Giter Site home page Giter Site logo

cuboids_revisited's Introduction

Robust Shape Fitting for 3D Scene Abstraction

This repository contains the source code for the cuboid-based scene decomposition method described in our paper Robust Shape Fitting for 3D Scene Abstraction. It is extension of our previous work Cuboids Revisited: Learning Robust 3D Shape Fitting to Single RGB Images. Please refer to the following repository if you are looking for the source code of the previous version: cuboids_revisited_cvpr21.

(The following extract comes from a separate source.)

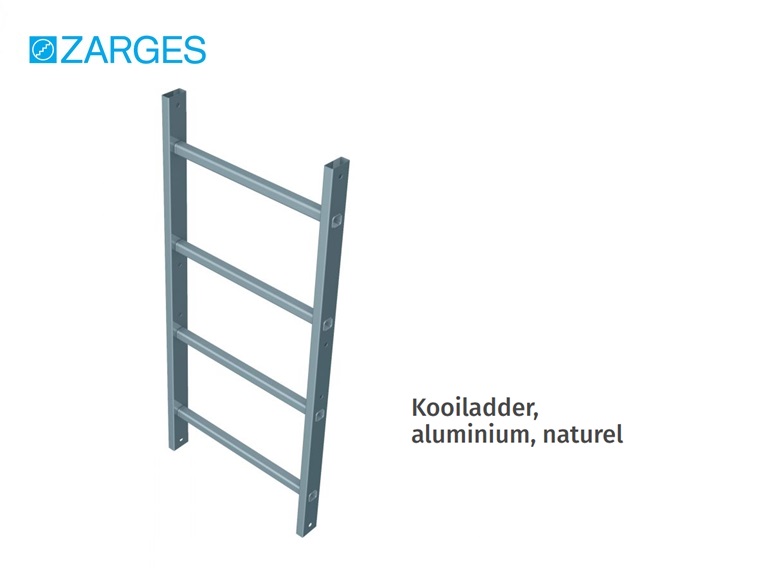 Kooiladder Aluminium naturel | dkmtools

If you use this code, please cite both papers:

@article{kluger2024robust,
  title={Robust Shape Fitting for 3D Scene Abstraction},
  author={Kluger, Florian and Brachmann, Eric and Yang, Michael Ying and Rosenhahn, Bodo},
  journal={IEEE Transactions on Pattern Analysis and Machine Intelligence},
  year={2024}
}
@inproceedings{kluger2021cuboids,
  title={Cuboids Revisited: Learning Robust 3D Shape Fitting to Single RGB Images},
  author={Kluger, Florian and Ackermann, Hanno and Brachmann, Eric and Yang, Michael Ying and Rosenhahn, Bodo},
  booktitle={Proceedings of the IEEE Conference on Computer Vision and Pattern Recognition (CVPR)},
  year={2021}
}

For depth estimation, we utilise BTS. If you do as well, please also cite their paper:

@article{lee2019big,
  title={From big to small: Multi-scale local planar guidance for monocular depth estimation},
  author={Lee, Jin Han and Han, Myung-Kyu and Ko, Dong Wook and Suh, Il Hong},
  journal={arXiv preprint arXiv:1907.10326},
  year={2019}
}

Installation

Get the code:

git clone --recurse-submodules https://github.com/fkluger/cuboids_revisited.git
cd cuboids_revisited
git submodule update --init --recursive

Set up the Python environment using Anaconda:

conda env create -f environment.yml
source activate cuboids_pami
conda install pytorch==1.10.1 torchvision==0.11.2 cudatoolkit=11.3 -c pytorch -c conda-forge

Data

NYU Depth v2

In order to use the NYU Depth v2 dataset, you need to obtain the original MAT-file and convert it to a version 7 MAT-file in MATLAB so that we can load it via scipy:

load('nyu_depth_v2_labeled.mat')
save('nyu_depth_v2_labeled.v7.mat','-v7')

Then, extract all images and depth maps to separate Pickle files using our helper script:

python util/extract_nyu_to_files.py --source nyu_depth_v2_labeled.v7.mat --destination ./datasets/nyu_depth/files

Synthetic Metropolis Homographies (SMH)

Download the SMH dataset with depth maps from here: https://github.com/fkluger/smh

Pre-trained models

Download our pre-trained models, which we used for the experiments in our paper from here and place the files in the models directory.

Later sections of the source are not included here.